Images in the data are to be skipped, while every line is restated exactly as written.

Data extracted from a collection

--------

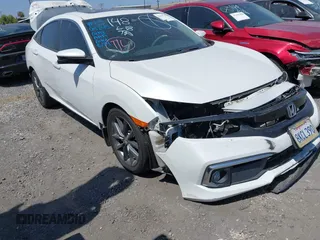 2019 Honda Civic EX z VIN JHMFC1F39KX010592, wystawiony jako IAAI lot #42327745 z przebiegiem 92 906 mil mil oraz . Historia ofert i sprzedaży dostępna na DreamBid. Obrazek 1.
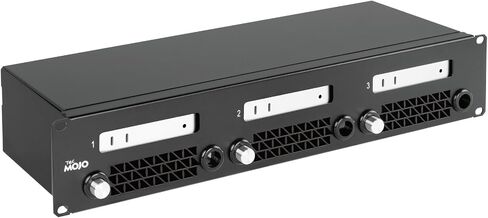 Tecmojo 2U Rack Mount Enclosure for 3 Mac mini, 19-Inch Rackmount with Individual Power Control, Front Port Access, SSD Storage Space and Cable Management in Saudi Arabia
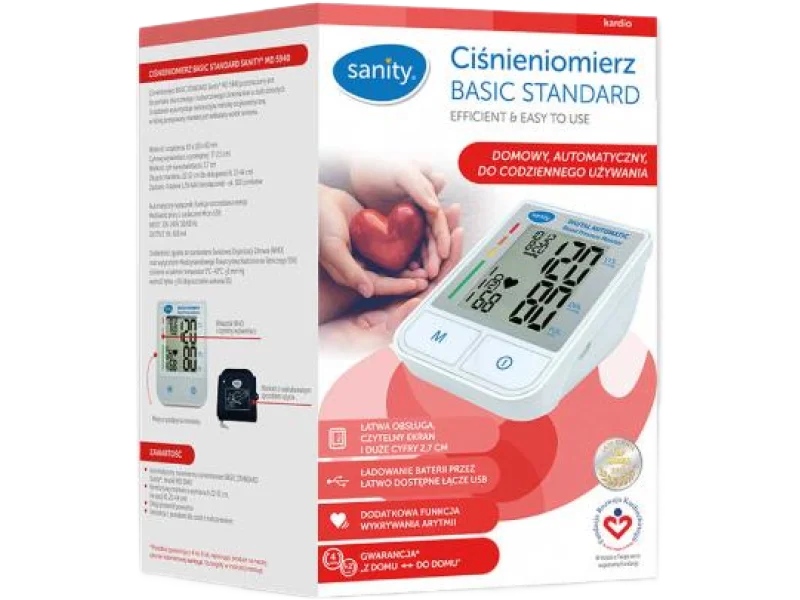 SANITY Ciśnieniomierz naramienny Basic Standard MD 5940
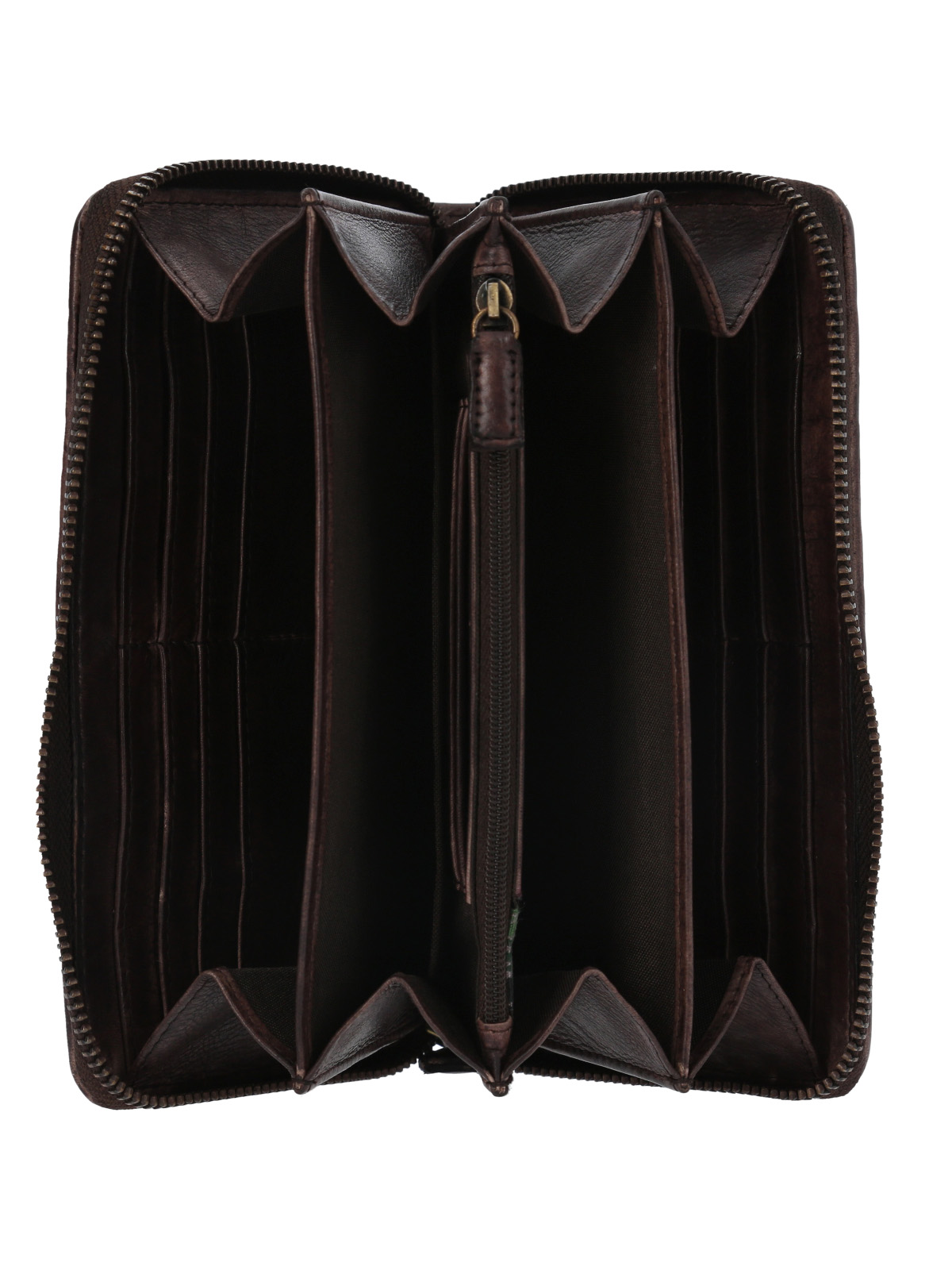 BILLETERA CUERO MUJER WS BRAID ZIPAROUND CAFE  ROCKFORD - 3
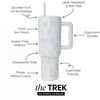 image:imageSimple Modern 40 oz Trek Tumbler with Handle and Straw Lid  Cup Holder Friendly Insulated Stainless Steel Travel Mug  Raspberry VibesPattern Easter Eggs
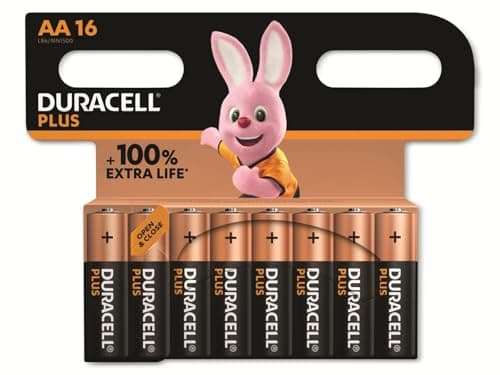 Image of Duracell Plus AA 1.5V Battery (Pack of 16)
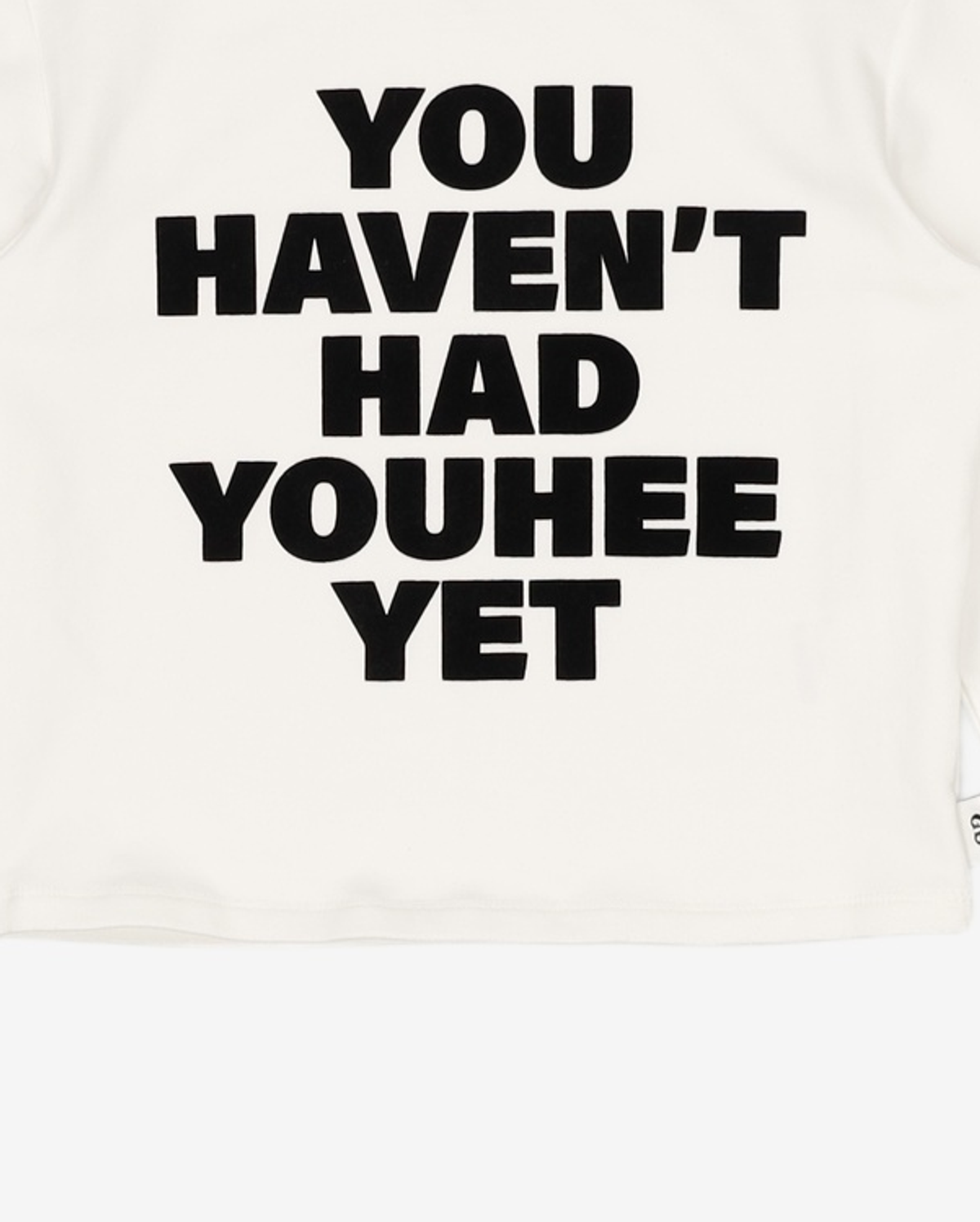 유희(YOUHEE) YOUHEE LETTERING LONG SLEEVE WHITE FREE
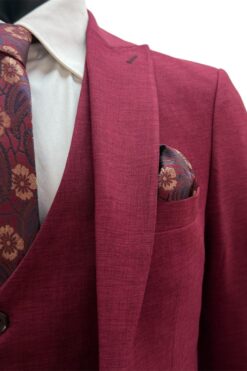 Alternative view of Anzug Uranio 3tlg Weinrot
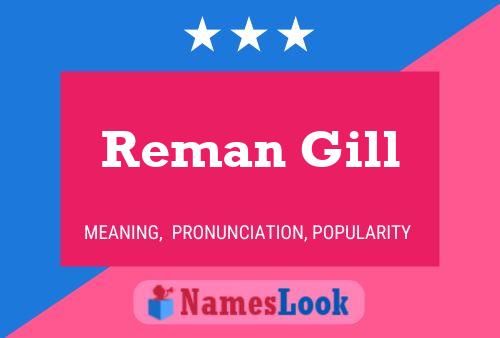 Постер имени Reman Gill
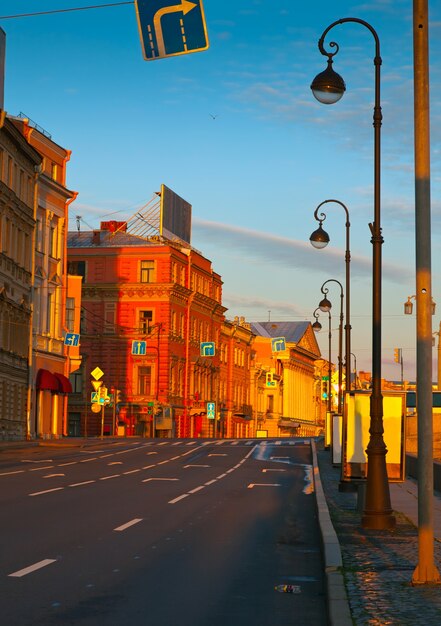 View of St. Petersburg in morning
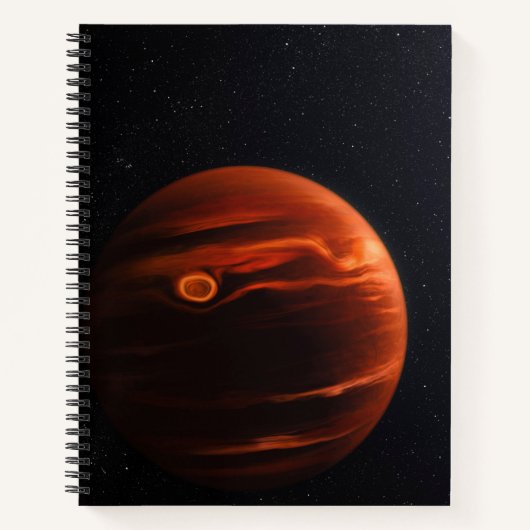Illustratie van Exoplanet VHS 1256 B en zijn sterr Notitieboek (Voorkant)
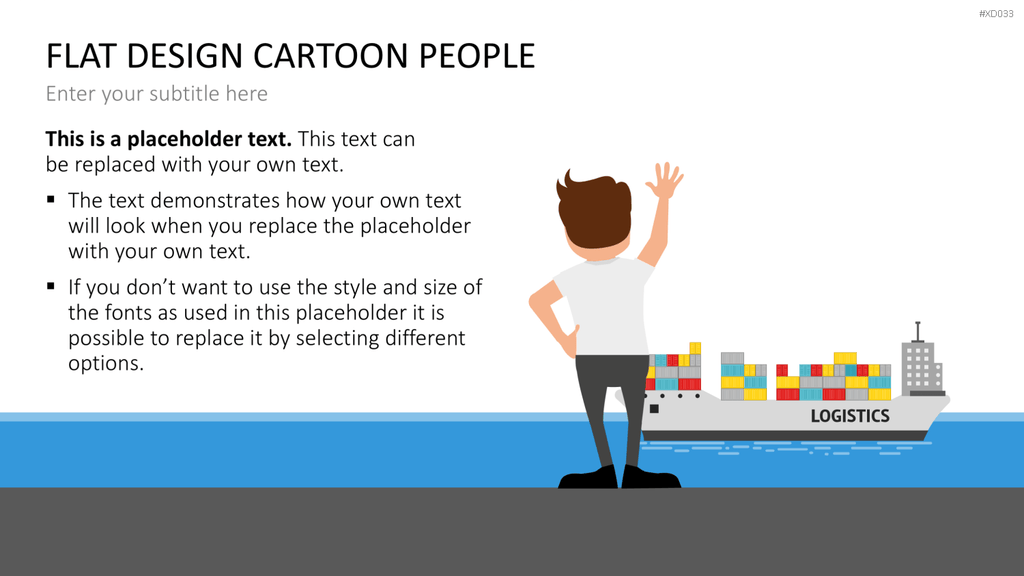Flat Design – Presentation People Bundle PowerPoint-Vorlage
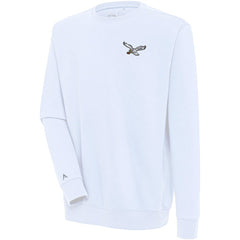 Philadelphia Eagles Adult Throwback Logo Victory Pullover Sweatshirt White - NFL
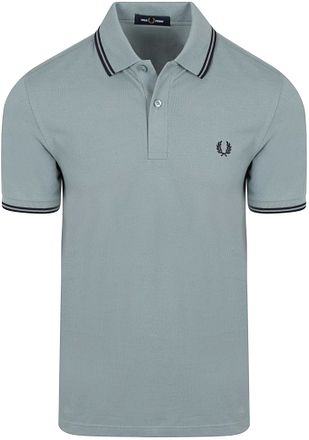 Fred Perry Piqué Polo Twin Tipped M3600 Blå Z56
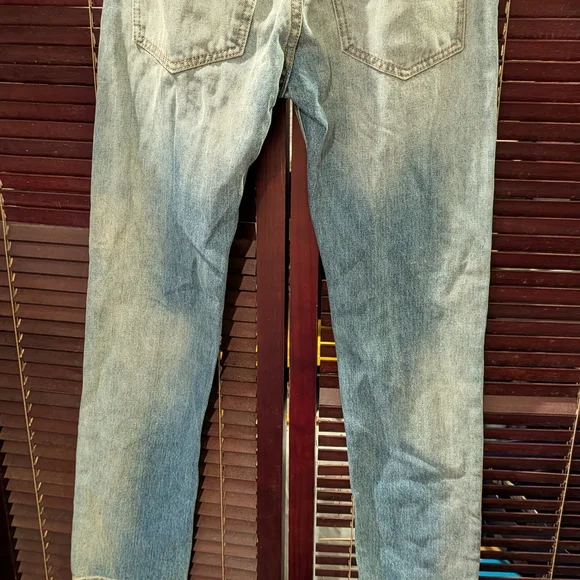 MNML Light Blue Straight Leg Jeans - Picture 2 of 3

--------

REPLY =
 2019 Honda Civic EX z VIN JHMFC1F39KX010592, wystawiony jako IAAI lot #42327745 z przebiegiem 92 906 mil mil oraz . Historia ofert i sprzedaży dostępna na DreamBid. Obrazek 1.
 Tecmojo 2U Rack Mount Enclosure for 3 Mac mini, 19-Inch Rackmount with Individual Power Control, Front Port Access, SSD Storage Space and Cable Management in Saudi Arabia
 SANITY Ciśnieniomierz naramienny Basic Standard MD 5940
 BILLETERA CUERO MUJER WS BRAID ZIPAROUND CAFE  ROCKFORD - 3
 image:imageSimple Modern 40 oz Trek Tumbler with Handle and Straw Lid  Cup Holder Friendly Insulated Stainless Steel Travel Mug  Raspberry VibesPattern Easter Eggs
 Image of Duracell Plus AA 1.5V Battery (Pack of 16)
 유희(YOUHEE) YOUHEE LETTERING LONG SLEEVE WHITE FREE
 Alternative view of Anzug Uranio 3tlg Weinrot
 Постер имени Reman Gill
 View of St. Petersburg in morning
Illustratie van Exoplanet VHS 1256 B en zijn sterr Notitieboek (Voorkant)
Flat Design – Presentation People Bundle PowerPoint-Vorlage
 Philadelphia Eagles Adult Throwback Logo Victory Pullover Sweatshirt White - NFL
 Fred Perry Piqué Polo Twin Tipped M3600 Blå Z56
 MNML Light Blue Straight Leg Jeans - Picture 2 of 3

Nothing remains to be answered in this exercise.